Tuesday, February 5, 2013

Detective work

Geologists are like detectives. We are trying to piece together the story of how and when the rocks formed and how and when they have moved. Every rock has a story to tell about the environment when it formed. The rocks in these mountains also tell the history of motion on faults underground.

In answer to Dayleni Grullon’s question, one of the rocks we study in this part of India is limestone. You may remember that I passed a piece of it around the classroom back in September. The limestone is made from the shells of creatures that lived in shallow ocean water. We can figure out when the limestone formed because it has fossils of animals that went extinct. So the rock told us that there used to be an ocean here X million years ago, before the mountains formed!

Next I try to figure out what story rocks can tell us about plate tectonics. I use my special compass to measure how the sedimentary rocks have tilted and I make a map. My map tells us which way the rocks have folded and that tells us which way they’re being pushed by plate tectonics.

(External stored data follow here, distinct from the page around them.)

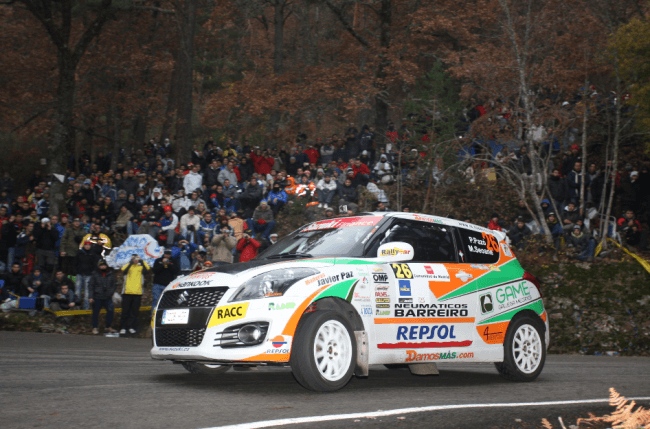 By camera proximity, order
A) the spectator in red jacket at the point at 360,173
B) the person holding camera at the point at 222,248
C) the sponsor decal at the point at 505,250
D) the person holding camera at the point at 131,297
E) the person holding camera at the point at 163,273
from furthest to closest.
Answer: the spectator in red jacket at the point at 360,173 < the person holding camera at the point at 222,248 < the person holding camera at the point at 163,273 < the person holding camera at the point at 131,297 < the sponsor decal at the point at 505,250

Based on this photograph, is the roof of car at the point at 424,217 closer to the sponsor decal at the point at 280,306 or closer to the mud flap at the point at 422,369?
the mud flap at the point at 422,369

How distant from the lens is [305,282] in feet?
22.9

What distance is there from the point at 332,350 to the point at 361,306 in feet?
2.05

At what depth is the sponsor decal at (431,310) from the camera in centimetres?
775

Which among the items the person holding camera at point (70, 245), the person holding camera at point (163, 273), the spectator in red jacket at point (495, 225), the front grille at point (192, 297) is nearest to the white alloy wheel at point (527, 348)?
the front grille at point (192, 297)

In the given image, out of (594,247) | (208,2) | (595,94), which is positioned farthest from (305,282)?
(208,2)

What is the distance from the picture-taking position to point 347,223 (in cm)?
826

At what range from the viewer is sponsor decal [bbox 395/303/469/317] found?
7.75 metres

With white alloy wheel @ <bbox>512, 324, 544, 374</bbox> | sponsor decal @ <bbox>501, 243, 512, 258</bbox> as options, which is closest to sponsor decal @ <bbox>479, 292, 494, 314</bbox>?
white alloy wheel @ <bbox>512, 324, 544, 374</bbox>

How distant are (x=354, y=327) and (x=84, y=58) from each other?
31164 mm

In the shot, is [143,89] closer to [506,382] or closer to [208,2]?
[208,2]

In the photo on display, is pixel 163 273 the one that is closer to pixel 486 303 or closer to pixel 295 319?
pixel 486 303

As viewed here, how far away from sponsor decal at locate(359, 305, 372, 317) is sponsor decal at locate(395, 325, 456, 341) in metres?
0.45

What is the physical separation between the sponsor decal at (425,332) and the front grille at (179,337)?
2115 mm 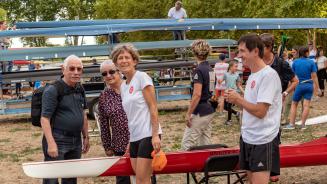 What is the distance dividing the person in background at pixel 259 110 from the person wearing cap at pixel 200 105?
1.87 metres

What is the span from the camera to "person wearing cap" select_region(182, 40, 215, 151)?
5875 mm

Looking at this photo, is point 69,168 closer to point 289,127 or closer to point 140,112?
point 140,112

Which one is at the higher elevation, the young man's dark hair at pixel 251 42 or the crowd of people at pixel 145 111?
the young man's dark hair at pixel 251 42

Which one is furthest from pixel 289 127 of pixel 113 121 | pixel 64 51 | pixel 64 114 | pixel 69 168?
pixel 64 114

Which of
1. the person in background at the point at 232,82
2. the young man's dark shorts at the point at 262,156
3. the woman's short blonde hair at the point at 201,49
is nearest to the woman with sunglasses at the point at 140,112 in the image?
the young man's dark shorts at the point at 262,156

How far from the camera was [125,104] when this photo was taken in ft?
14.0

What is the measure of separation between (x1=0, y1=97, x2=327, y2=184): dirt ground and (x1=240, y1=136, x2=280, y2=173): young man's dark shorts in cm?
255

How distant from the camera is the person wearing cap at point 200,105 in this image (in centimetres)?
588

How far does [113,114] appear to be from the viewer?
16.1ft

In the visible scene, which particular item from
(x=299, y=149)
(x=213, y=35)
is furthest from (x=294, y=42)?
(x=299, y=149)

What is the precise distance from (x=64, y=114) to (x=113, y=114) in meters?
0.44

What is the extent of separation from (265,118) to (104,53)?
9669 mm

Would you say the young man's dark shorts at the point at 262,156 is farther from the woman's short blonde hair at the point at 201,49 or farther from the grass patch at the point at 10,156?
the grass patch at the point at 10,156

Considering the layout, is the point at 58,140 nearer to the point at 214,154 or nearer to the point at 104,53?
the point at 214,154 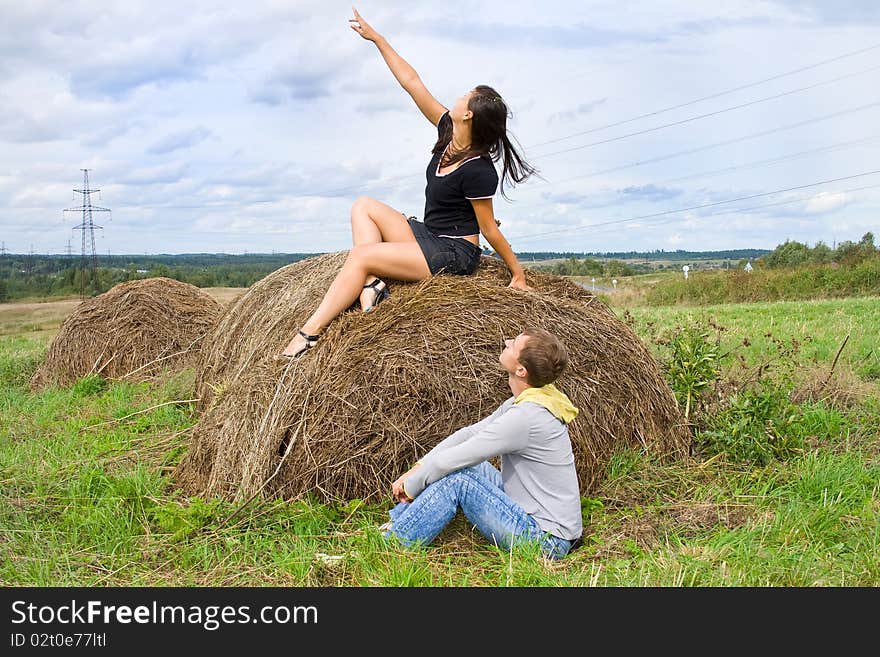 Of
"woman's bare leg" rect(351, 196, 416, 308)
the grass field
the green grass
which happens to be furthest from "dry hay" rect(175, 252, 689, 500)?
the green grass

Limestone is also really cool because it can be dissolved and form caves. We found and explored a cave in India! We found stalagtites that have been tilted, and my friend Chris is going to measure how old they are so we can estimate how fast they are being tilted. He’s also going to measure the age of broken stalagtites to try to figure out when ancient earthquakes happened so we can estimate the repeat time of earthquakes here. The cave was a little bit scary – I saw a HUGE spider! (that's Professor Seeber's hand. He's braver -- or perhaps more foolish? -- than I)

Luis Tapia asked how rocks are folded, which is a really great question. Sedimentary rocks are formed in horizontal (flat) layers. When plate tectonic forces push on rocks, they bend and break. When rocks bend the layers become curved and that’s what we call a fold. When the rocks break a fault is formed and that’s where earthquakes happen.

Here's a dramatic photo of folded rock I borrowed from someone else's geology blog so that you can see a really clear example. (http://www.itsasickness.com/geology/content/folded-rock)

I really enjoyed reading all your questions and comments, thanks for all the great ideas for new blog posts! Here's a brief food update:
I was served rice in a banana leaf last week, and yesterday we got to have pineapple for dessert!